Vogt-Koyanagi Harada Disease (VKHD) is a rare multisystem autoimmune inflammatory condition targeting melanocytes, causing dermatological, neurological, ophthalmological, and auditory manifestations. Severe bilateral granulomatous panuveitis is the primary clinical feature that characterizes VKH (inflammation throughout the uveal tract in the eye).
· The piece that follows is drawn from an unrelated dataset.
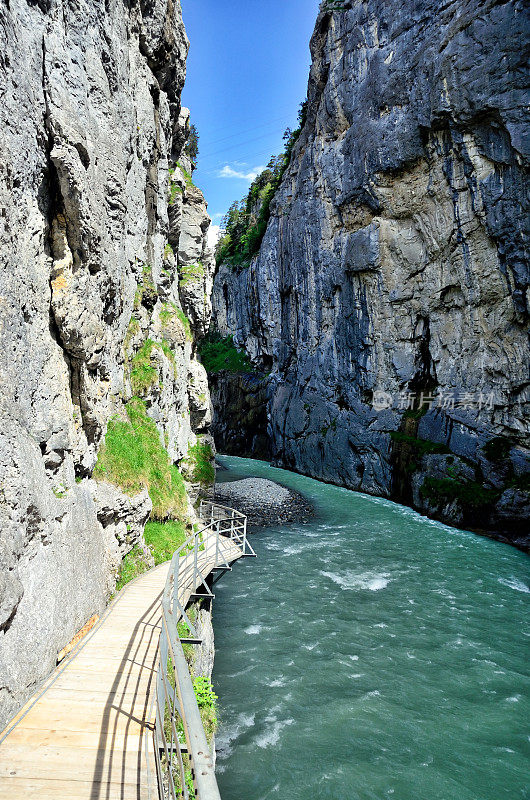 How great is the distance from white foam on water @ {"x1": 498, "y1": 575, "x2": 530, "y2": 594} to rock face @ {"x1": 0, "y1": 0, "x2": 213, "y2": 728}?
13270 millimetres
Cutaneous features such as vitiligenous patches, alopecia, and whitening of the hair (poliosis) can be observed. Meningism (meningitis symptoms without inflammation), hearing loss, and tinnitus are examples of neurological characteristics. Prodromal and constitutional symptoms such as fatigue, malaise, low-grade fever, and headache may precede the classic picture. VKHD is reported in darker skin populations in addition to Asian and Mediterranean origins. VKHD has four stages: prodromal, acute, chronic convalescent, and chronic recurrent. There are three categories of VKH: complete, incomplete, and probable. VKHD is treated aggressively with a systemic corticosteroid to suppress the inflammatory response and prevent further ocular complications. We report a 43-year-old male patient referred by an ophthalmologist with a diagnosis of Uveitis who developed hypopigmented patches over the face and mid trunk, poliosis, and alopecia in addition to headache, neck stiffness, and auditory abnormalities.